■ GIVEN DATA

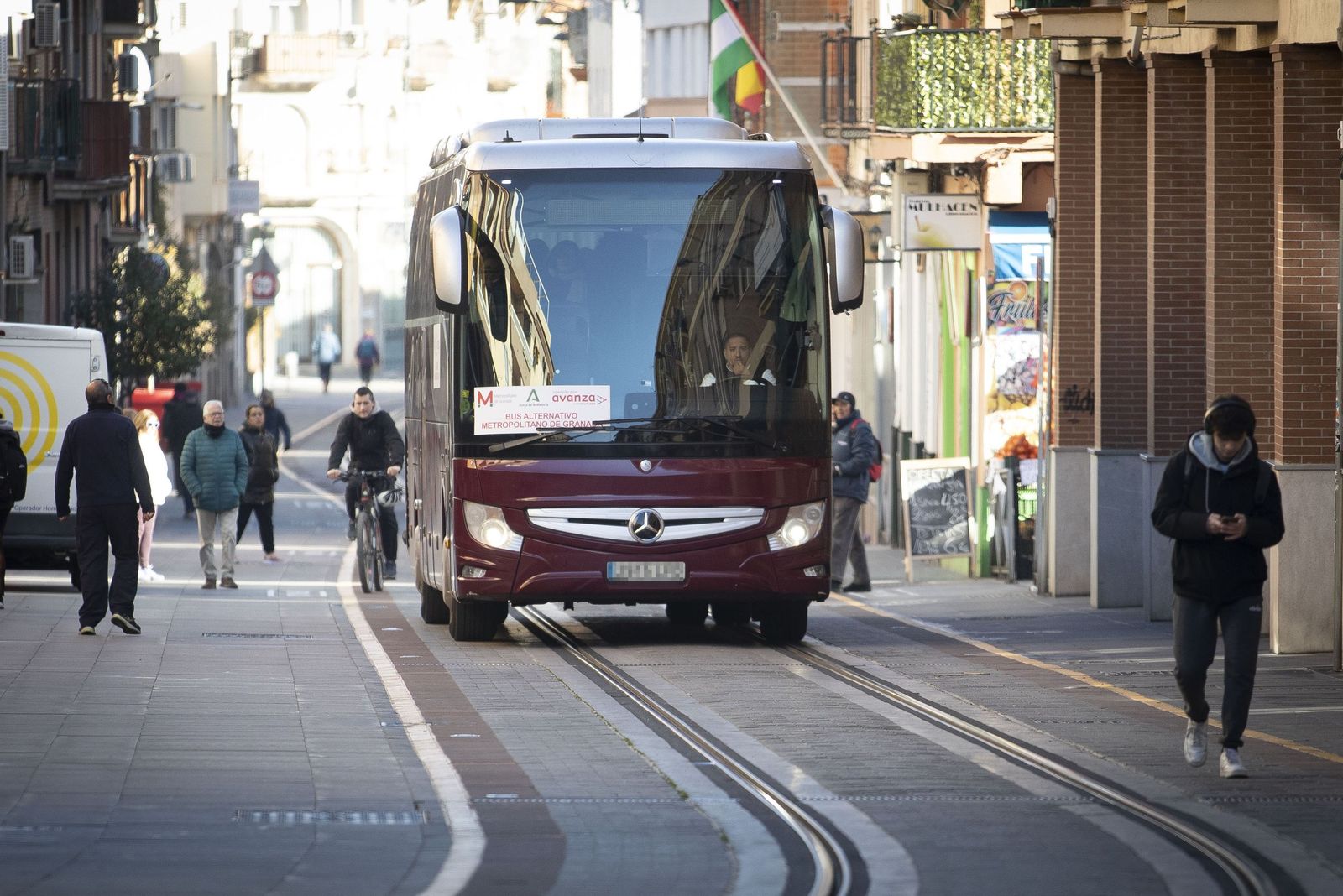 El autobús lanzadera circulando por la calle Real de Armilla, por encima de las vías del Metro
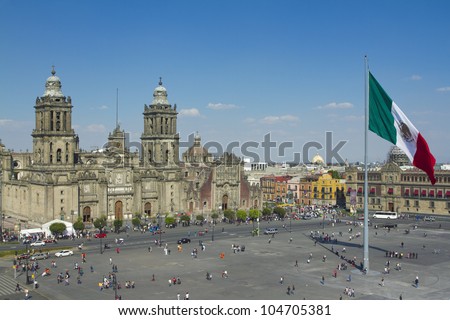the zocalo in mexico city, with the cathedral and giant flag in the centre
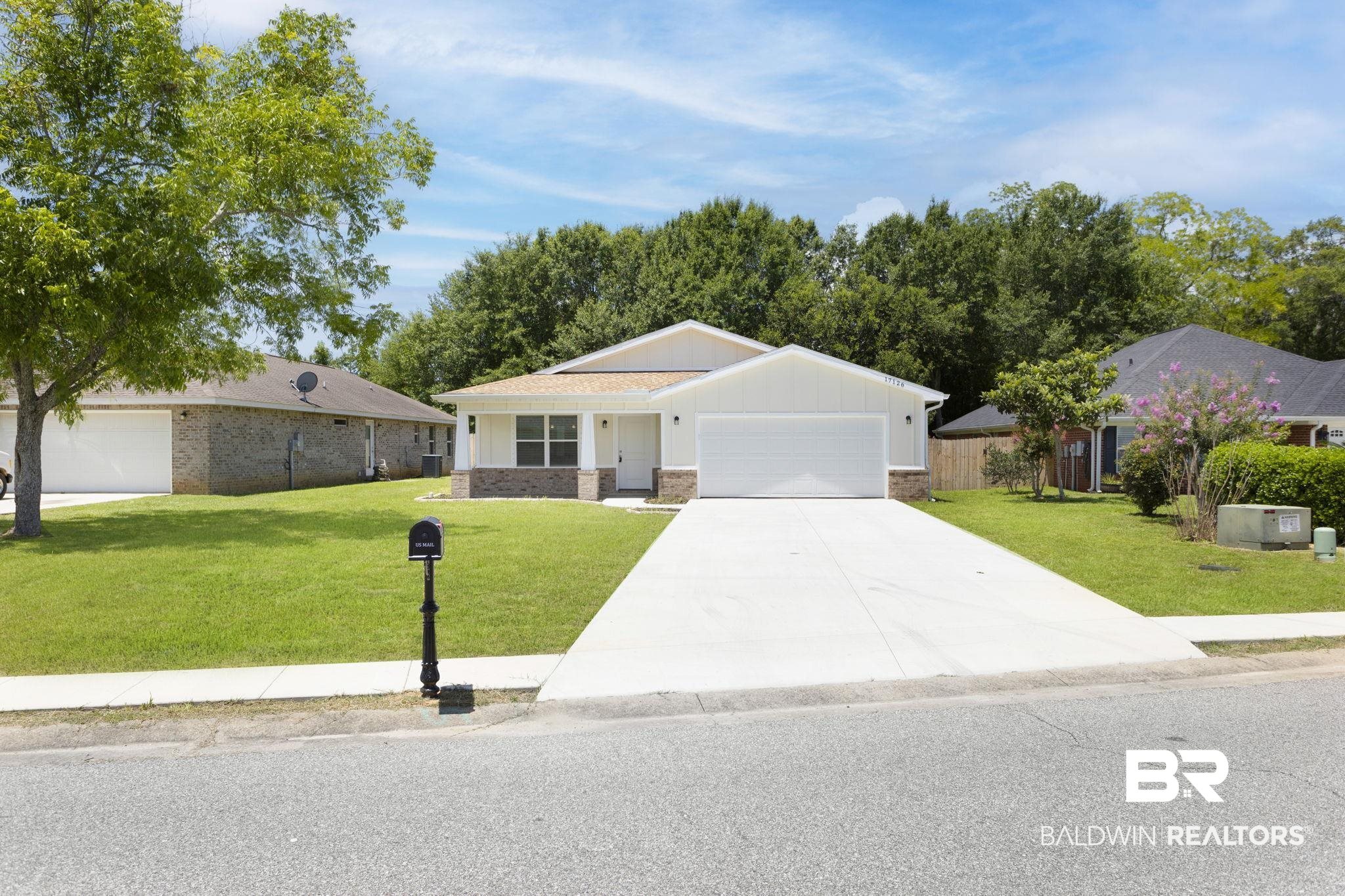 17126 Sugar Loop Foley, AL 36535 - Photo 28 of 28 Ranch-style home featuring an attached garage, concrete driveway, board and batten siding, and brick siding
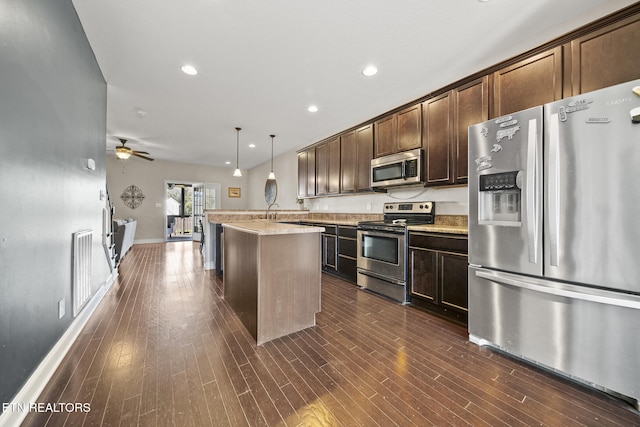 kitchen with dark wood-style floors, visible vents, appliances with stainless steel finishes, dark brown cabinetry, and an island with sink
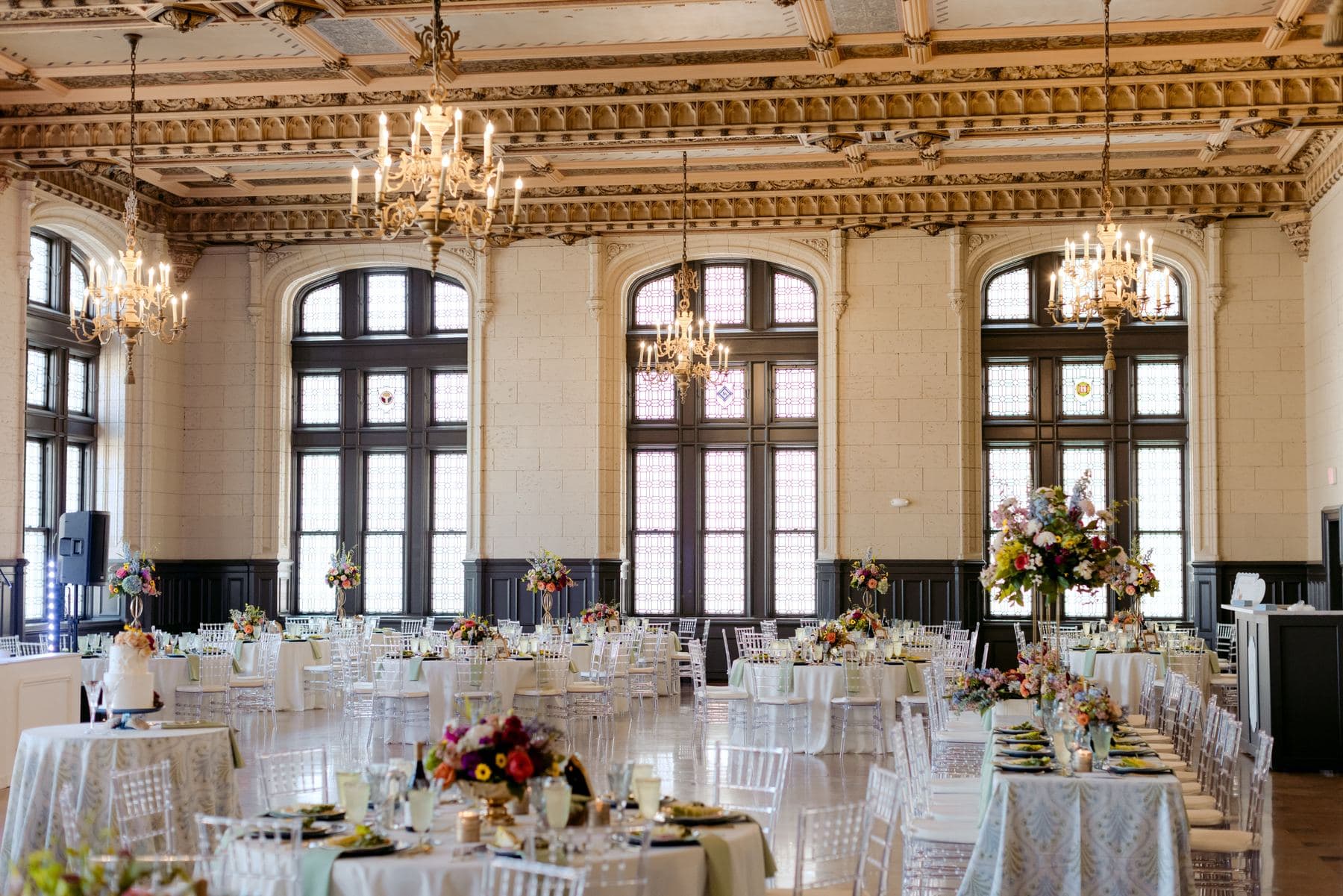 The ballroom set for dinner under lit chandeliers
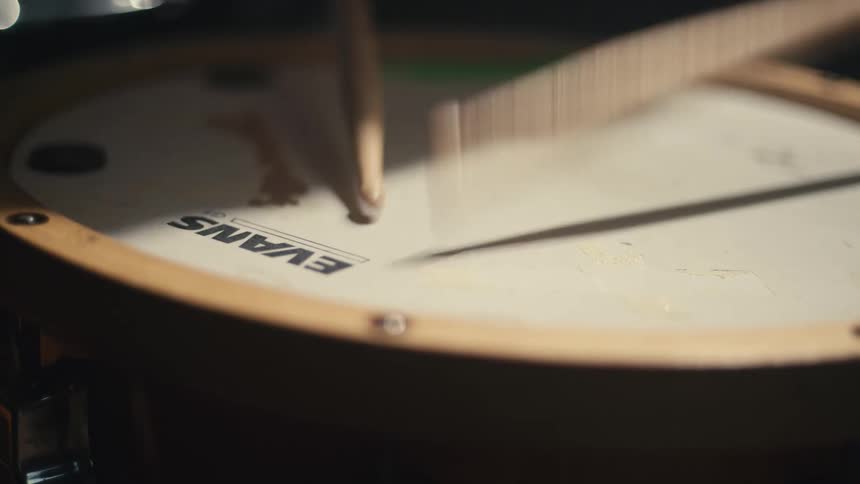 A drummer continuously hitting the drum with a stick
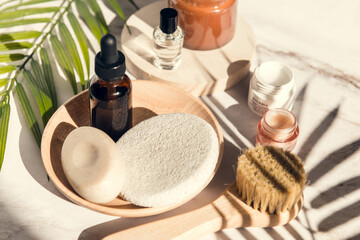 Fototapeta na wymiar set of skin care and wellness products - serum bottle, exfoliation brush and soap, cream and sponge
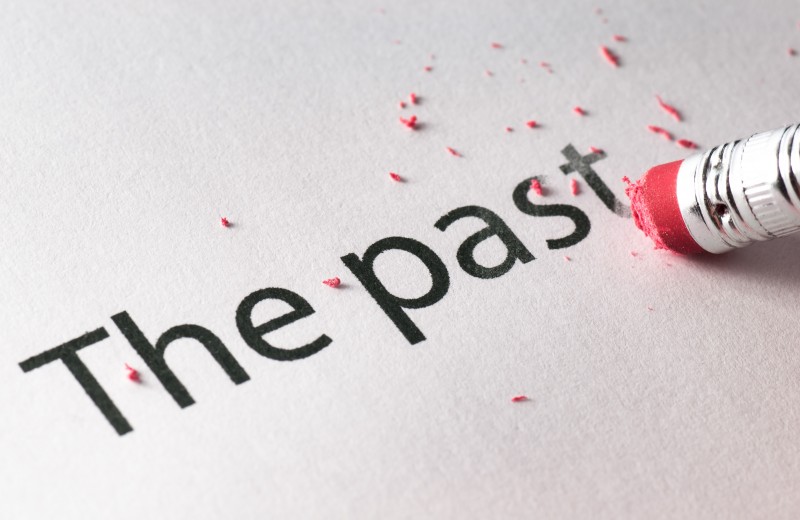 Pencil erasing the words "the past" from a white page.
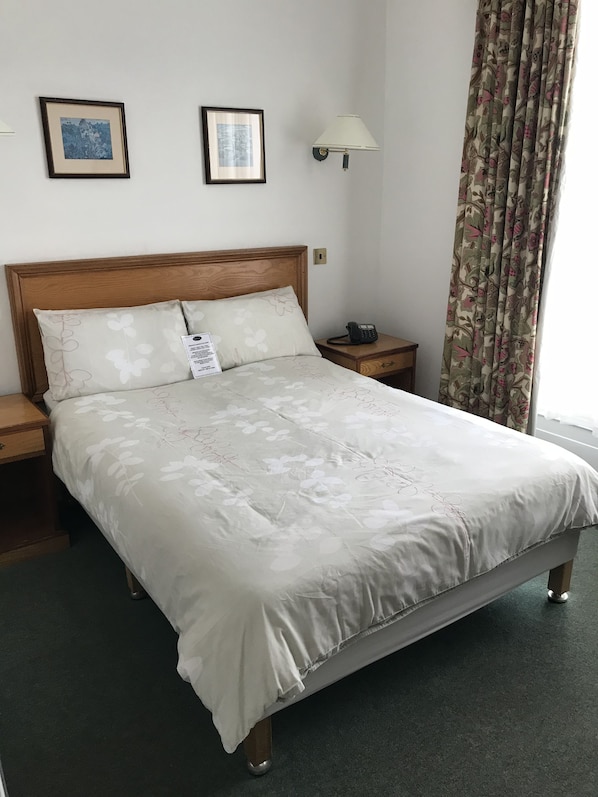 Desk, iron/ironing board, free wired internet, bed sheets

■ ASSIGNMENT
Word for word, write out each line from the one with "17126 Sugar Loop" through the end of the entries above, and omit any pictures.

■ RESPONSE AREA
 17126 Sugar Loop Foley, AL 36535 - Photo 28 of 28 Ranch-style home featuring an attached garage, concrete driveway, board and batten siding, and brick siding
 kitchen with dark wood-style floors, visible vents, appliances with stainless steel finishes, dark brown cabinetry, and an island with sink
 The ballroom set for dinner under lit chandeliers
 A drummer continuously hitting the drum with a stick
 Fototapeta na wymiar set of skin care and wellness products - serum bottle, exfoliation brush and soap, cream and sponge
 Pencil erasing the words "the past" from a white page.
 Desk, iron/ironing board, free wired internet, bed sheets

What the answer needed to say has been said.